On Mon, Jan 05, 2015 at 07:02:47PM +0100, Alexander Bluhm wrote:
> On Sun, Jan 04, 2015 at 07:16:19PM -0700, Theo de Raadt wrote:
> > >On Sat, Jan 3, 2015 at 8:38 AM, Alexander Bluhm <[email protected]>
> > >wrote:
> > >> My goal is to make logging via syslog reliable. At least I want
> > >> to see when a message gets lost.
> > >>
> > >> So my idea is to write a kernel log message if sendsyslog(2) cannot
> > >> deliver a message. Then you see the problem on the console and in
> > >> the dmesg buffer. If syslogd comes back later, you will also get
> > >> the error into the log files via /dev/klog.
> > >>
> > >> comments? ok?
> > >
> > >Idea makes sense, but I wonder whether rate limiting is the best way
> > >to handle logging of the failures. My first instinct would be to log
> > >the first failure, and then just count failures until a success
> > >occurs, at which point the count of the intervening failures should be
> > >reported.
>
> Yes, that sounds better than rate limiting. Updated diff.
I think rate limiting still makes sense. For example in the case where
sosend() is returning ENOBUFS which, when the pressure is high enough,
could happen frequently but only for a few calls at a time.
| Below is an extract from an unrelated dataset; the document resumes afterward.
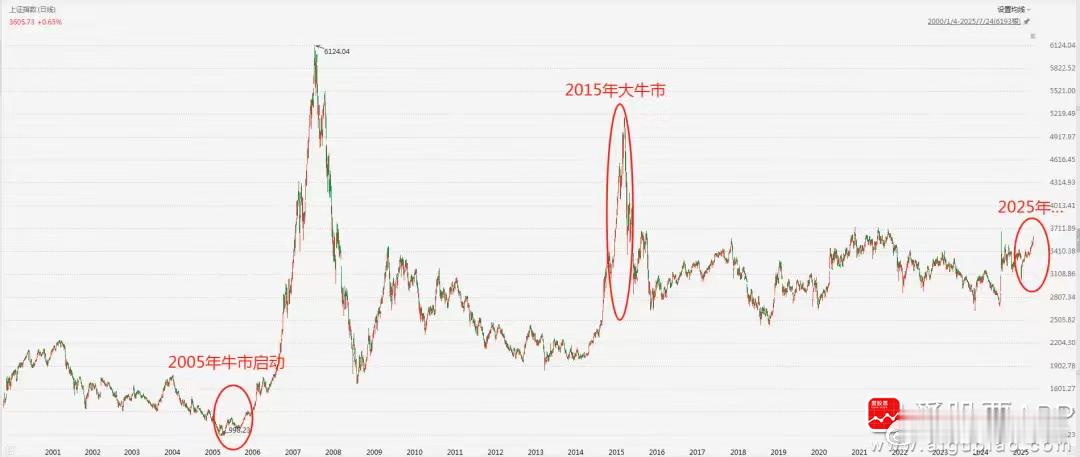 看有人说，这是10年磨一剑的牛市。2005年，2015年，2025年，这一次财刚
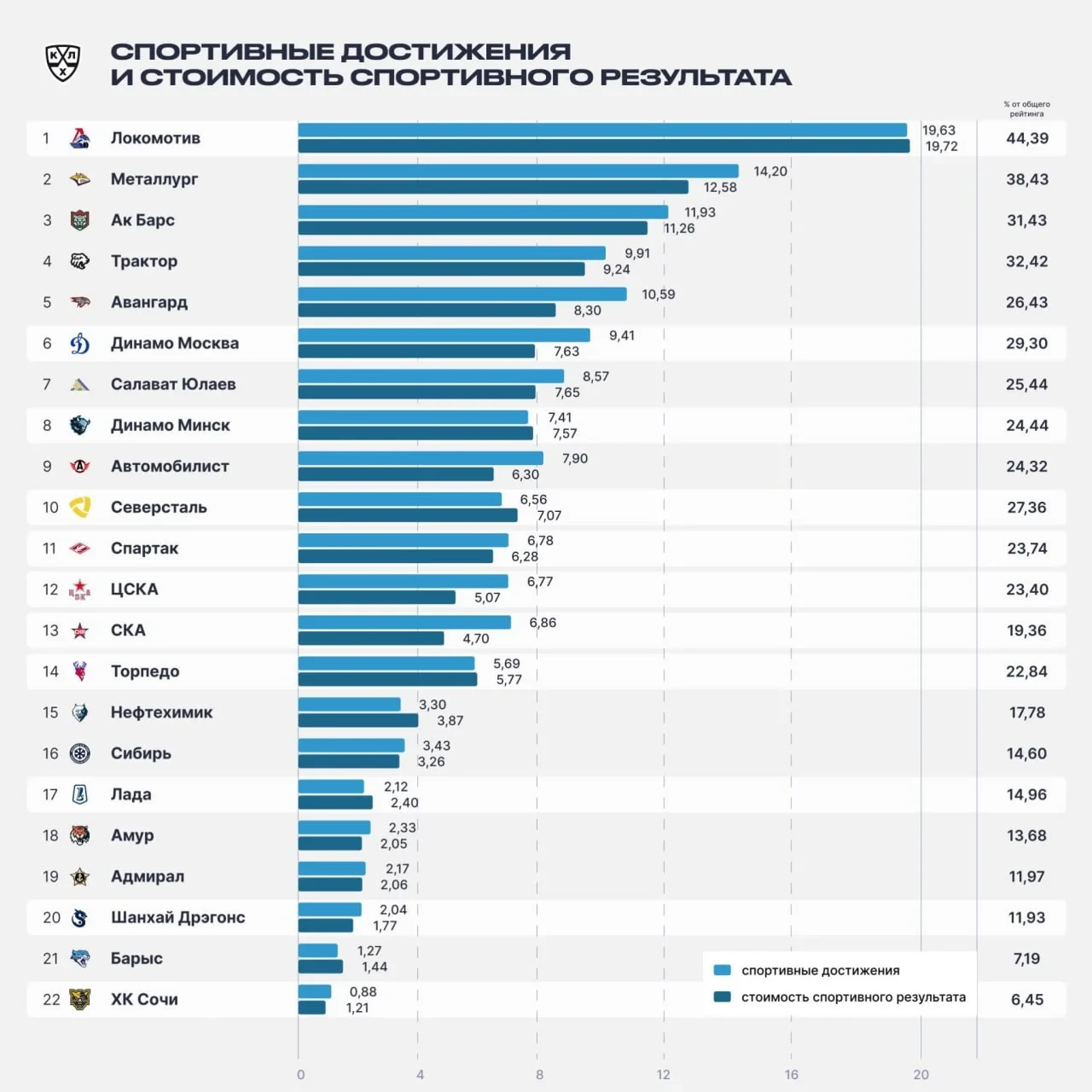 🏒 КХЛ представила ежегодный рейтинг клубов, который рассчитывается на основе девяти па...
> > I had a discussion with Alexander where I expressed concern about the
> > syncronous nature of console output, and that rate limiting may not be
> > enough. On slow console devices, this can have significant
> > performance effects even with the rate limiting.
>
> Would it reduce your concerns when I change it to something that
> logs only to dmesg buffer and not to console?
>
> I have to admit, that you may get this log line also on reboot.
>
> > To me this code block fundamentally feels like it is using the dmesg
> > buffer as a debug scaffold, because the idea is that syslogd should
> > not fail. I know what he wants, but I am wary of the kernel having
> > this heavy cost to a system call which was designed to be so simple
> > and clean.
>
> I do not use it as a debugging aid. We have the security requirement
> that no log message may get lost unnoticed. The syslogd process
> may die, in that case you get a line in dmesg buffer from the kernel.
> That can be checked later.
>
> bluhm
>
> Index: kern/subr_log.c
> ===================================================================
> RCS file: /data/mirror/openbsd/cvs/src/sys/kern/subr_log.c,v
> retrieving revision 1.25
> diff -u -p -r1.25 subr_log.c
> --- kern/subr_log.c 13 Dec 2014 21:05:33 -0000 1.25
> +++ kern/subr_log.c 5 Jan 2015 16:58:14 -0000
> @@ -352,9 +352,14 @@ sys_sendsyslog(struct proc *p, void *v,
> struct file *f;
> size_t len;
> int error;
> +#ifndef SMALL_KERNEL
> + static unsigned int failed;
> +#endif
>
> - if (syslogf == NULL)
> - return (ENOTCONN);
> + if (syslogf == NULL) {
> + error = ENOTCONN;
> + goto out;
> + }
> f = syslogf;
> FREF(f);
>
> @@ -390,5 +395,19 @@ sys_sendsyslog(struct proc *p, void *v,
> }
> #endif
> FRELE(f, p);
> - return error;
> +
> + out:
> +#ifndef SMALL_KERNEL
> + if (error) {
> + if (failed == 0)
> + log(LOG_ERR, "send message to syslog failed\n");
> + failed++;
> + } else {
> + if (failed > 1)
> + log(LOG_ERR, "send message to syslog failed "
> + "%u more times\n", failed - 1);
> + failed = 0;
> + }
> +#endif
> + return (error);
> }
>
--
:wq Claudio